Mi generación forjó su espíritu político en tiempos de la lucha clandestina contra la dictadura. Acudir a una manifestación estudiantil era dar pública cuenta de una resuelta e ilusionada voluntad de trasformar la sociedad. Tras proferir unos cuantos eslóganes contra el dictador, las manifestaciones finalizaban, entre el fragor de los pelotazos y de los botes de humo, con apresuradas carreras y el aliento de los grises en la nuca. Nuestra generación no tuvo maestros, más aún se hizo contra ellos. Nuestras conciencias se fraguaron con los textos de Sartre, Freud, las canciones de los Beatles, las poesías de Miguel Hernández, el Guernica de Picasso, y con un miedo común, hijo de la brutalidad del régimen franquista. Nuestra praxis fue alimentada con la insurrección sesentayochista de París, la Primavera de Praga y la Revolución de los Claveles de Portugal.

Aquel ingenuo y arriesgado romanticismo nos permitió acabar con la dictadura y respirar un tornado de democracia o de pueblo oreado. Y así llegaron los vaqueros, las playeras, Barricada con El drogas al frente, y la calle dejó de ser propiedad de Fraga Iribarne. Lo preocupante es que todo aquello que creíamos superado empieza a parecerse a la desmesurada baraúnda que habita la política actual, llena de discursos hostiles, insultos, bulos y un preocupante crecimiento de la extrema derecha que está poniendo en peligro la democracia que tanto esfuerzo ha costado instaurarla. Y es que a medida que los virus avanzan el diablo se retrocede, quedando el ser humano como único responsable del mal. Y en eso estamos.

Afrontamos con firmeza, aunque con tardanza, todos los naseiros, filesas, juanguerras, roldanes, roucovarelas, barbarasrey, hipercores, tejeros, tamayazos, gürteles, ayusadas, mazondanas y marcialdorados. Sin embargo, cuando todo parecía indicar que se consolidaba la anhelada democracia y se iba a realizar una política higienizada, los casos de corrupción, los fraudes fiscales, la falsificación de méritos académicos y la creación de empresas fantasma para evadir impuestos o blanquear dinero se precipitan en cascada, aunque, como dice Gabriel Rufián, no todo es lo mismo pues hay corrupciones cutres y corrupciones premium. Y es que el dinero come dinero, pare dinero y nunca sobra para el pobre de la esquina ni para el parado crónico. Lo cierto es que bajo el cielo convulso de España se muestra el feroz neoliberalismo competitivo y corrupto en todo su esplendor. Y con él las grandes palabras verdad y honradez van perdiendo su valor, anegadas por la deificación del dinero y del poder. Y en este contexto se ha desencadenado una rapaz carrera por enriquecerse, hasta el punto de que los escándalos de corrupción han colmado el desencanto ciudadano acumulado y este se va convirtiendo en malestar social y escepticismo.

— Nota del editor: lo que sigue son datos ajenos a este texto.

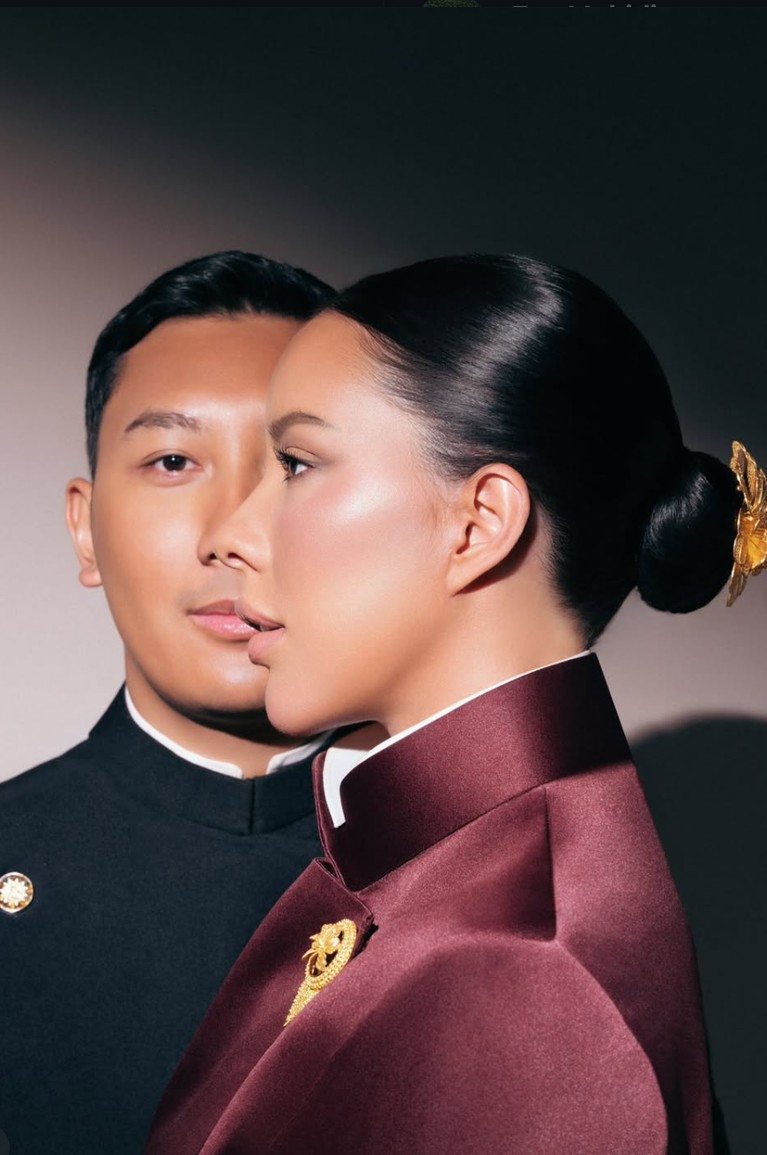 Patricia Schuldtz dan Darma Mangkuluhur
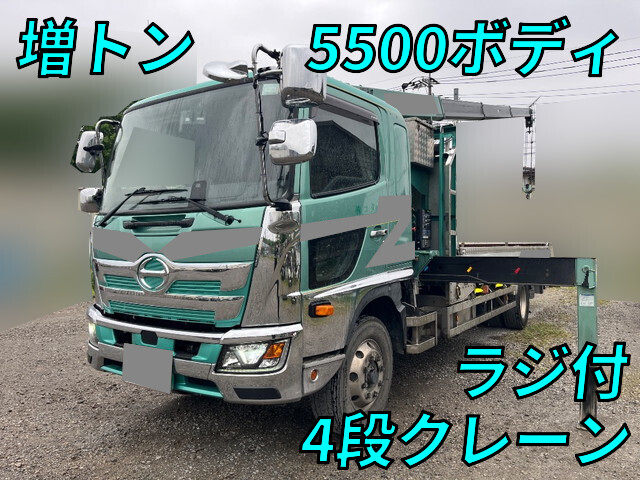 中古レンジャークレーン4段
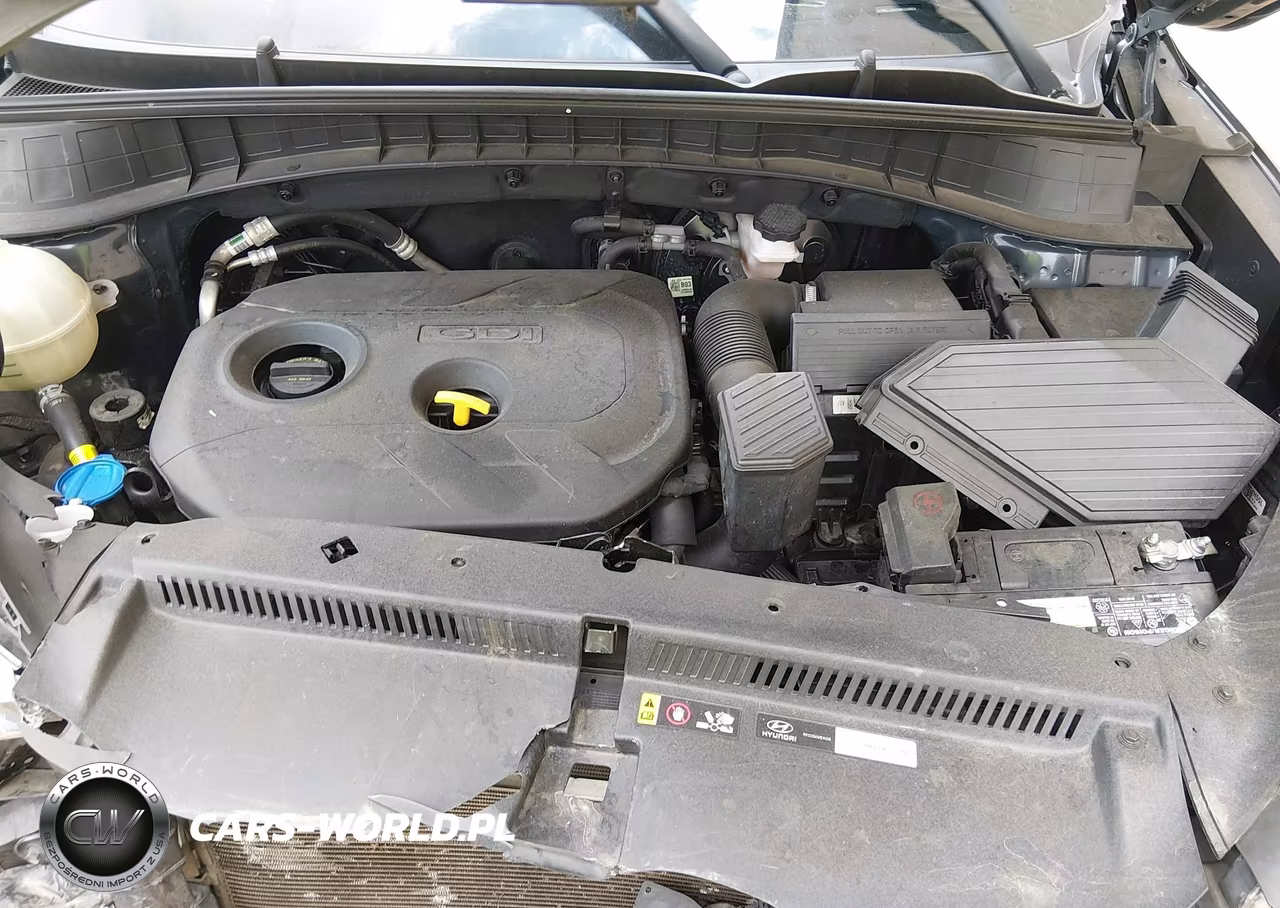 2021 Hyundai Tucson Se VIN:KM8J23A46MU320869 - 10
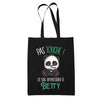 Sac Tote Bag Betty Pas Touche Panda - Planetee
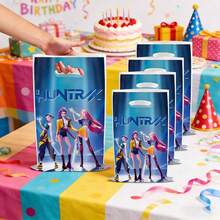 10/20/30pcs/Set Kpop Fans Party Gift Bags, Cute & Durable Celebration Party Favor Bags - Multicolor - View 6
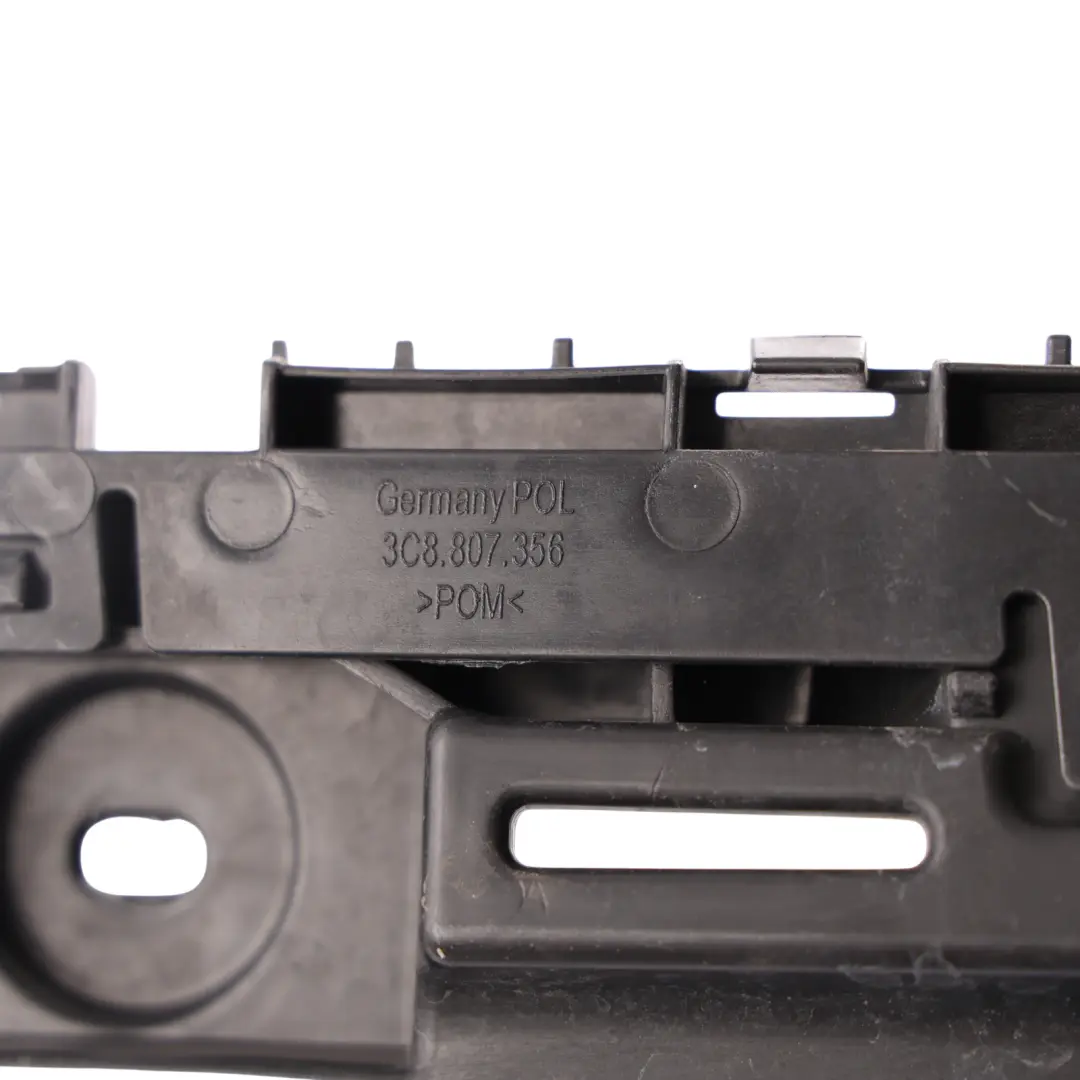 Bumper Mount Bracket Holder Right O/S to Volkswagen Passat CC Rear with Part number 3C8807356 Volkswagen Passat CC Rear Bumper Mount Bracket Holder Right O/S - SKU 3C8807356 - Part number 3C8807356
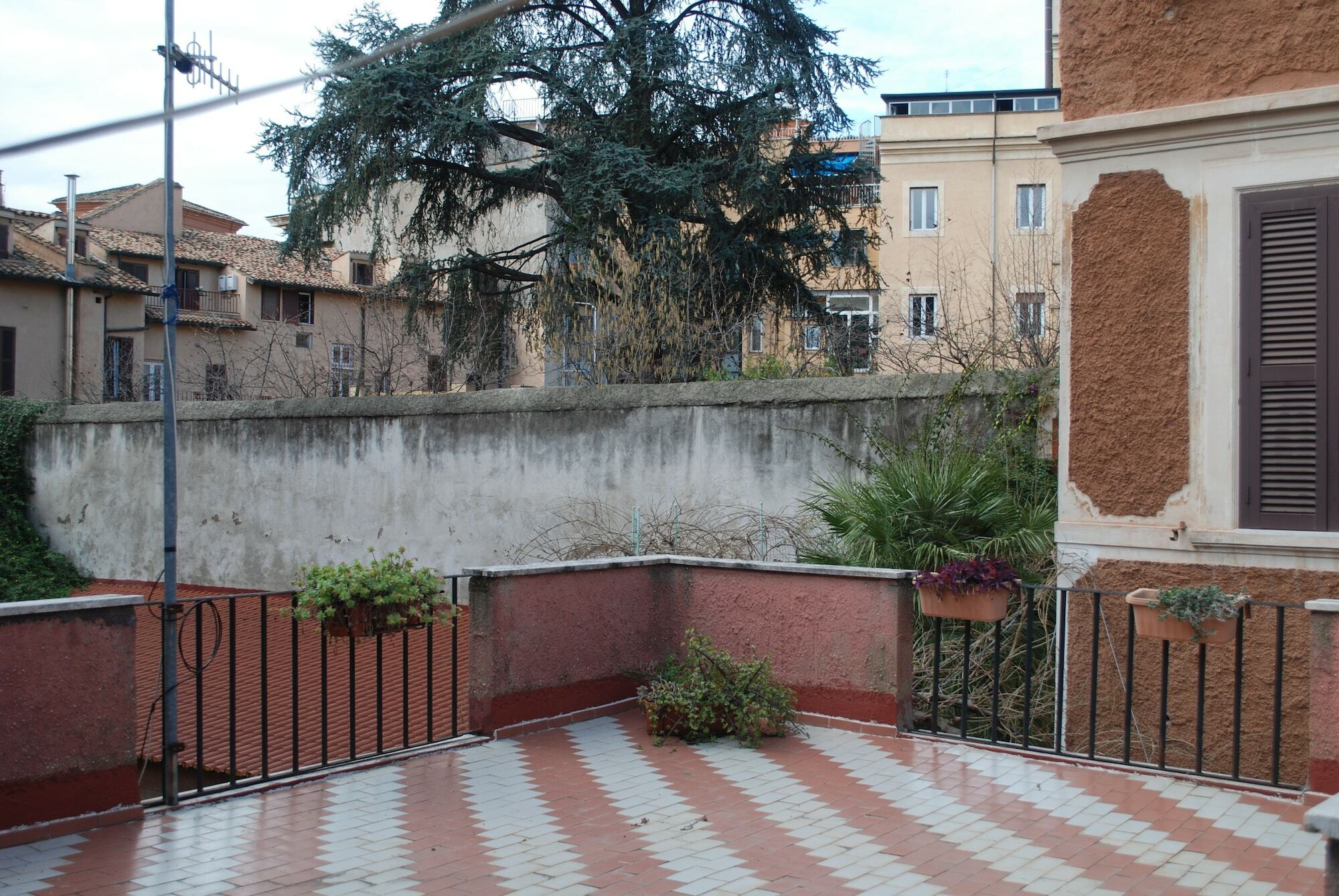 Old Rome Bed & Breakfast Bagian luar foto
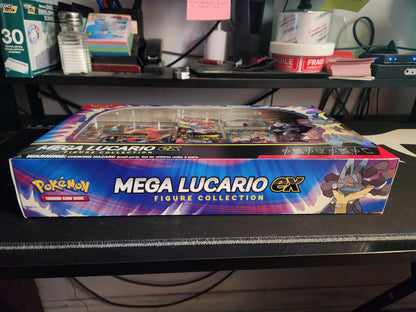 Mega Lucario EX Figure Collection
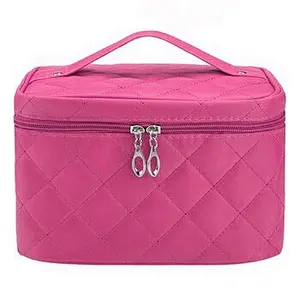 cheap canvas makeup organizer bag make up bag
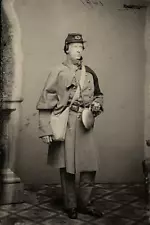 Master Series Collection Civil War Soldier Ninth-Plate Tintype C2708RP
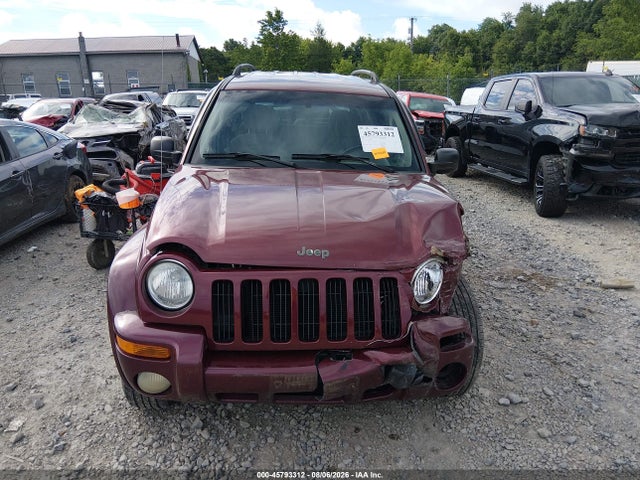 45793312 :رقم المزاد ، 1J4GL58K33W528975 vin ، 2003 Jeep Liberty Limited Edition مزاد بيع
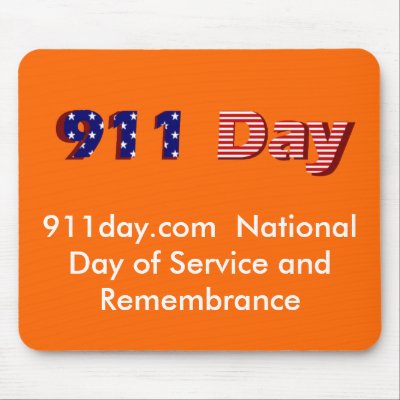 1, 911day.com  National Day of Service and Reme... Mouse Pad by winnerman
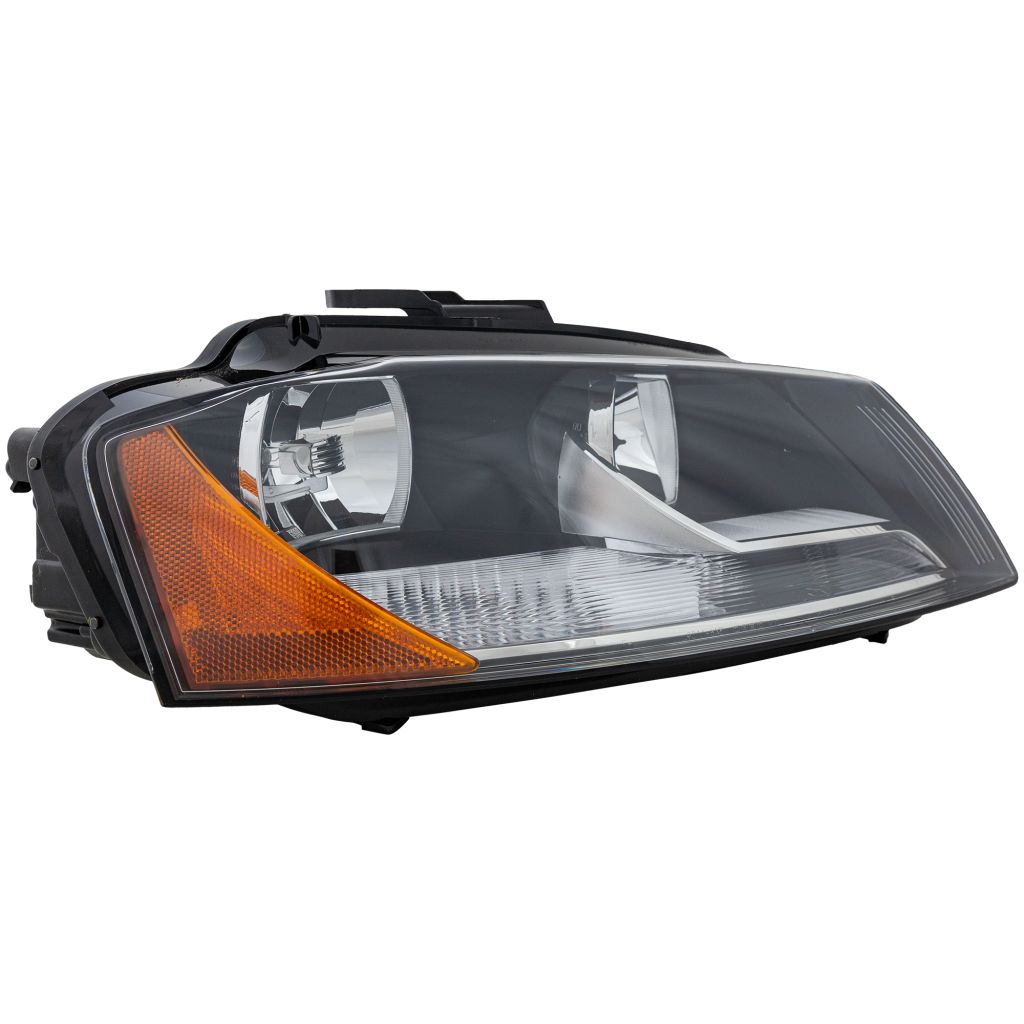 AUDI A3 HEAD LAMP ASSEMBLY RIGHT (Passenger Side) (HALOGEN) OEM#8P0941004BD 2009-2013 PL#AU2503141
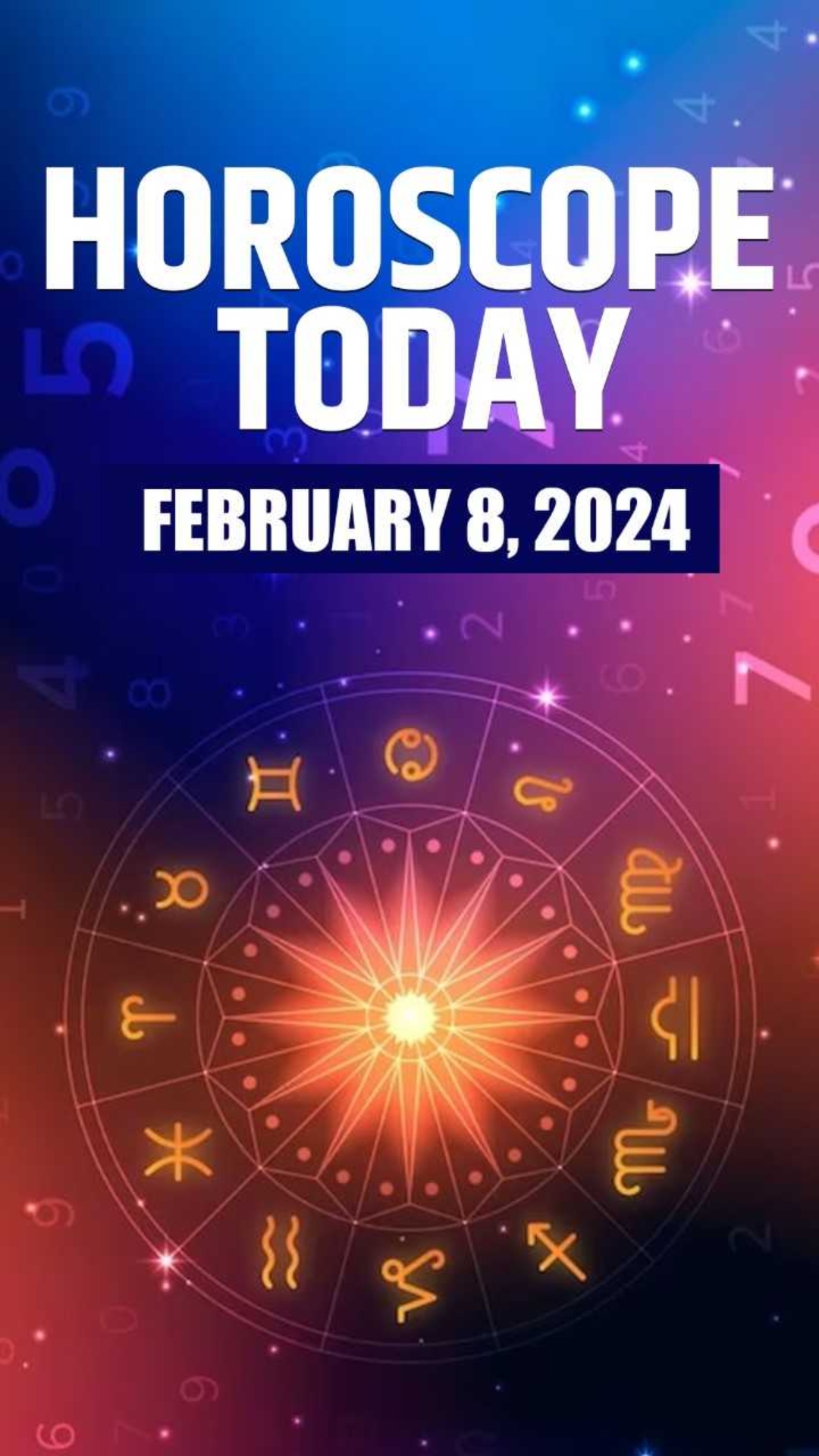 Horoscope Today, February 8: Financial gains for Virgos; know about other zodiac signs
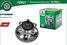 B-RING BK8938 Ступица с подшип. в сборе toyota Auris II (e180) (12-) (задн.) [d=152 с abs] () forst - 1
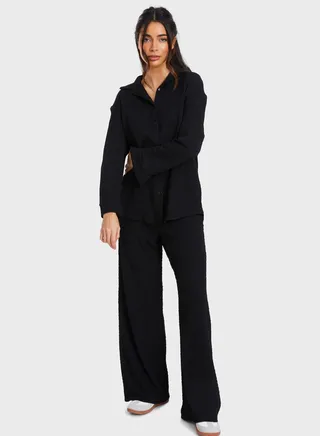 Button Detail Shirt 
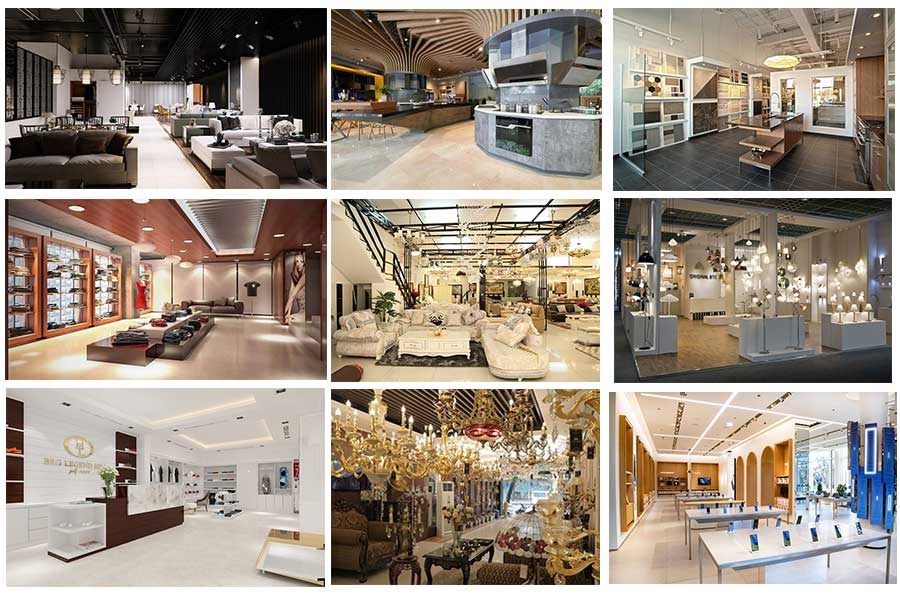 Lưu ý khi thiết kế showroom vật liệu xây dựng Lưu ý khi thiết kế showroom vật liệu xây dựng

El otro mal que arraiga en la política, como consecuencia del mito de la meritocracia, es la proliferación de currículums expansivos, esto es, la tendencia tan patética como narcisista a engrosar los currículums mediante títulos falsos, que se crean con el planisferio académico de un colega y los entorchados posgrado de una universidad privada, y elevando la dedocracia a moral nacional. Vamos, que los títulos, aunque sean falsos, dan prestigio. El hecho es que el aluvión de borrados y correcciones de títulos falseados, en el que están incurriendo muchos políticos, es un espectáculo bochornoso. Y es que al parecer los partidos políticos parecen parasitados por unos cuantos personajes guiados por una patética veleidad de notoriedad, ya que en este país en el que hemos decidido residir, los falsos méritos académicos son el frontispicio que representa los valores de algunos políticos que necesitan altas dosis de titulosterona para mantener su narcisismo. En fin, pese a todo, algo hemos aprendido de la política, aunque nada especial, creo yo. Nada que no supiéramos ya por los libros, pues desde Platón a Habermas todo está en sus páginas: las razones del poder, la mala educación de sus escenificaciones y la desmesurada vanidad que lo habita. En cuanto a sus sinrazones, basta con leer a Maquiavelo y al cardenal Mazarino. Lo preocupante es que mientras estos males no sean erradicados, la extrema derecha se verá beneficiada, por lo que se avecina una grave fractura democrática entre la España real y la imaginaria, existente tan sólo en la mente febril de los nuevos ingenieros de las minorías totalitarias, que pretenden hacer de este país un páramo absolutista, con unas instituciones vacías de contenido democrático y una masa social atomizada en su propia inercia. Y lo peor es que frente a esto uno se hace mayor y se ve reducido a una biografía sequiza y lejana que se posa terca en la memoria. Probablemente, hoy día, el grito de Edvard Munch sería ensordecedor.